We ignored all of the other terms in the partial fraction decomposition to get this estimate, so there’s no reason to expect it to be particularly accurate unless $n$ is fairly large compared to $k$. Nonetheless, let’s see if we can learn anything from it about how big we should expect the partition function $p(n)$ itself to be. Taking logs and using the rough form $\log k! \approx k \log k - k$ of Stirling’s approximation gives

$\displaystyle \log p_k(n) \approx k \log n - 2k \log k + 2k$

and substituting $k = n^r$ for some $0 < r < 1$ gives

$\displaystyle \log p_{n^r}(n) \approx \left( n^r - 2r n^r \right) \log n + 2n^r$.

If $r > \frac{1}{2}$ then this quantity is negative; at this point we’re clearly not in the regime where this approximation is accurate. If $r < \frac{1}{2}$ then the first term dominates and we get something that grows like $n^r \log n$. But if $r = \frac{1}{2}$ then the first term vanishes and we get

$\displaystyle \log p_{\sqrt{n}}(n) \approx 2 \sqrt{n}$.

This is at least qualitatively the correct behavior for $\log p(n)$, and the multiplicative constant isn’t so off either: the correct value is $\pi \sqrt{\frac{2}{3}} \approx 2.565$.

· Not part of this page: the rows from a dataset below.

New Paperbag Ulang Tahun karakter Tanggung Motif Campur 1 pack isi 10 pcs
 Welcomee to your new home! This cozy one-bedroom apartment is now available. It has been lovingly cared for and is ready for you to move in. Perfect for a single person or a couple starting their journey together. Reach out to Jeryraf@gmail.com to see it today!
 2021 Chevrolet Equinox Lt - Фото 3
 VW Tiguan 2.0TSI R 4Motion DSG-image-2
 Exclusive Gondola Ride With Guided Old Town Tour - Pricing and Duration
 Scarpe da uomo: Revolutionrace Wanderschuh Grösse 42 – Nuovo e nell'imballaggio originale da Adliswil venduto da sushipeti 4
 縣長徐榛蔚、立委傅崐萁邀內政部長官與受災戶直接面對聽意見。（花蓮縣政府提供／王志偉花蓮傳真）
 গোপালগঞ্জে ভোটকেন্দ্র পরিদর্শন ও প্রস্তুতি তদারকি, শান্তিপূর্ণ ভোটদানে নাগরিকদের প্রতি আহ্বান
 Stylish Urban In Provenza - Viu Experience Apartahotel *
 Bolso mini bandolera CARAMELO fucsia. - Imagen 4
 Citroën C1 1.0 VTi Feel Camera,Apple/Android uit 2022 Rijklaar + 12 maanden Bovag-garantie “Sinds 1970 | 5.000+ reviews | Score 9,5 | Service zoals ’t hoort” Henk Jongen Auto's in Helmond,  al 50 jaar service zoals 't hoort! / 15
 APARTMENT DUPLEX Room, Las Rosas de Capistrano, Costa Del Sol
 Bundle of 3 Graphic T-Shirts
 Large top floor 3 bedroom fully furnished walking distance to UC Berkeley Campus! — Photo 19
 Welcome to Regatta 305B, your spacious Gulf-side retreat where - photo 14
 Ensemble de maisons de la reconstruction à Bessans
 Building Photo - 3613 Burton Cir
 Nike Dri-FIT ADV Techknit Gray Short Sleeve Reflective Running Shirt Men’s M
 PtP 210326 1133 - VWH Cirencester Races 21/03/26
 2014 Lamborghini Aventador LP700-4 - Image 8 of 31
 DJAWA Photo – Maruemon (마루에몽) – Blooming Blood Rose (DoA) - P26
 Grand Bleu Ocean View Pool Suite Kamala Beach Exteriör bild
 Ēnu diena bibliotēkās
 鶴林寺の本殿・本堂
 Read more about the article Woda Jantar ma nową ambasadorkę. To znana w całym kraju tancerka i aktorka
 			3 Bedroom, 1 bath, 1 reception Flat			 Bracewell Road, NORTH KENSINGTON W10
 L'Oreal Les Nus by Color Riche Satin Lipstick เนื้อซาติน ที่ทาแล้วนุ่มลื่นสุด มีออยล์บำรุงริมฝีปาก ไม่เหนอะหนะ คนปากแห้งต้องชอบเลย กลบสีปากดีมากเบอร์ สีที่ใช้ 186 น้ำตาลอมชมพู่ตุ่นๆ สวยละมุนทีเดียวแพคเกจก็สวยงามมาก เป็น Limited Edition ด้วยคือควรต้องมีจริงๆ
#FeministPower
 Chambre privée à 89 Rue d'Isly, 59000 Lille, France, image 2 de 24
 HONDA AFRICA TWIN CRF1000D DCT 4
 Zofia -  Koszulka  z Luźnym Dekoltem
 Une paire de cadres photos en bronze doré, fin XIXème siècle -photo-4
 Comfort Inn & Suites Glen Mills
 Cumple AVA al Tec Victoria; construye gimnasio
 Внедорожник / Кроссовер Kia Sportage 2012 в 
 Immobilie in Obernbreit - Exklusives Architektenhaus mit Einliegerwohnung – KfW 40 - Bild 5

Example.weak order is like a total order, but with ties: for example, it describes a possible outcome of a horse race. Let $w_n$ denote the number of weak orders of $n$ elements (the ordered Bell numbers, or Fubini numbers). General techniques described in Flajolet and Sedgewick can be used to show that $w_n$ has exponential generating function

$\displaystyle W(z) = \sum_{n=0}^{\infty} \frac{w_n}{n!} z^n = \frac{1}{2 - e^z}$

(which should be parsed as $\frac{1}{1 - (e^z - 1)}$; loosely speaking, this corresponds to a description of the combinatorial species of weak orders as the species of “lists of nonempty sets”). This is a meromorphic function with poles at $z = \log 2 + 2 \pi i k, k \in \mathbb{Z}$. The unique pole closest to the origin is at $z = \log 2$, and we can compute using l’Hopital’s rule that

$\displaystyle \lim_{z \to \log 2} \frac{1 - \frac{z}{\log 2}}{2 - e^z} = \lim_{z \to \log 2} \frac{- \frac{1}{\log 2}}{-e^z} = \frac{1}{2 \log 2}$

and hence the partial fraction decomposition of $F(z)$ begins

$\displaystyle W(z) = \frac{1}{2 \log 2 \left( 1 - \frac{z}{\log 2} \right)} + \text{lower terms}$

which gives the asymptotic

$\displaystyle w_n = \frac{n!}{2 (\log 2)^{n+1}} + O \left( \frac{n!}{|\log 2 + 2 \pi i|^n} \right)$

Curiously, the error in the above approximation has some funny quasi-periodic behavior corresponding to the arguments of the next most relevant poles, at $\log 2 \pm 2 \pi i$.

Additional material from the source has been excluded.